I'm making this post here in hopes I may save someone from beating
their head against the wall like I did...
I am writing a custom Name Service Switch (NSS) module to take
advantage of already existing account information in a pg database.
Under certain circumstances, processes will hang due to non-recursive
mutex locking during PG connection creation. It goes something like
this:
========================================
/etc/nsswitch.conf:
passwd: files mypgmod
group: files mypgmod
========================================
[process with euid not found in /etc/passwd, looking up another
username not found in /etc/passwd]
getpwnam_r(username, ...)
// nss doesn't find user in files module (/etc/passwd),
// so uses mypgmod
_nss_mypgmod_getpwnam_r(username, ...)
pthread_mutex_lock(...) //to protect PG connection, then...
PQconnectdb(...)
// any number of reasons to look up info in calling user's
// home directory, e.g., default password, ssl certs, etc.,
// resulting in call to getpwuid_r() to find user's homedir.

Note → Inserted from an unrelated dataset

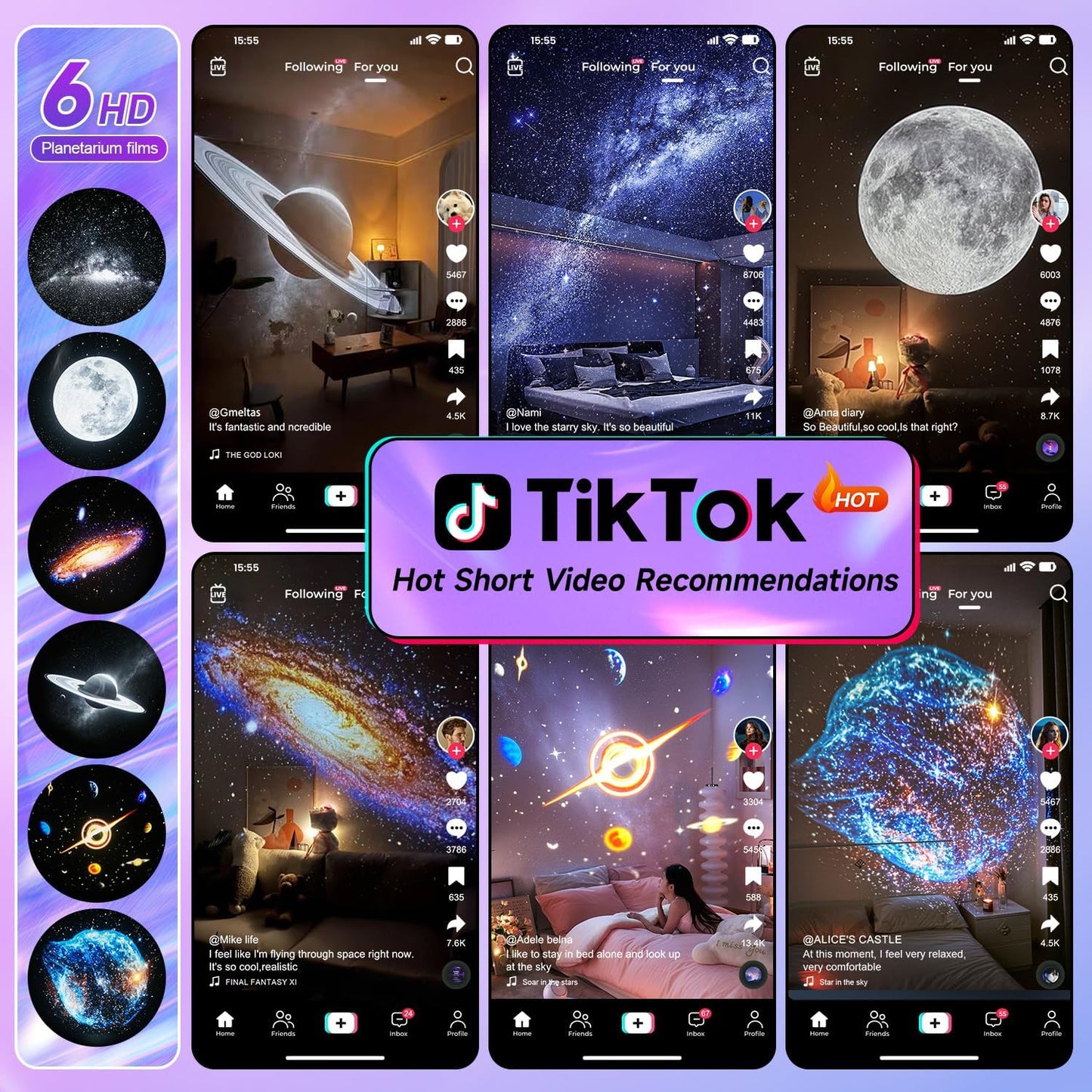 Planetarium Projector, HD Film Galaxy Projector for Bedroom, Rechargeable Star Galaxy Light with 15Music&Bluetooth, with Timer,Ceiling Decor Moon Lamp for Kids Room Decor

getpwuid_r(geteuid(), ...)
// nss doesn't find user in files module (/etc/passwd),
// so uses mypgmod
_nss_mypgmod_getpwuid_r(uid, ...)
pthread_mutex_lock(...) //to protect PG connection
/* HANG */
* * *
The "fix," if you can call it that, is to run nscd, the NSS caching
daemon. Typically run as root (with account info in /etc/passwd) the
second lookup will not generate a second connection attempt.
Also, there exists in many linux distros a libnss-pgsql2 package which
suffers from the exact same problem (there are some scattered posts on
the 'net about it). Same "fix" ... run nscd.
Cheers,
Daniel Popowich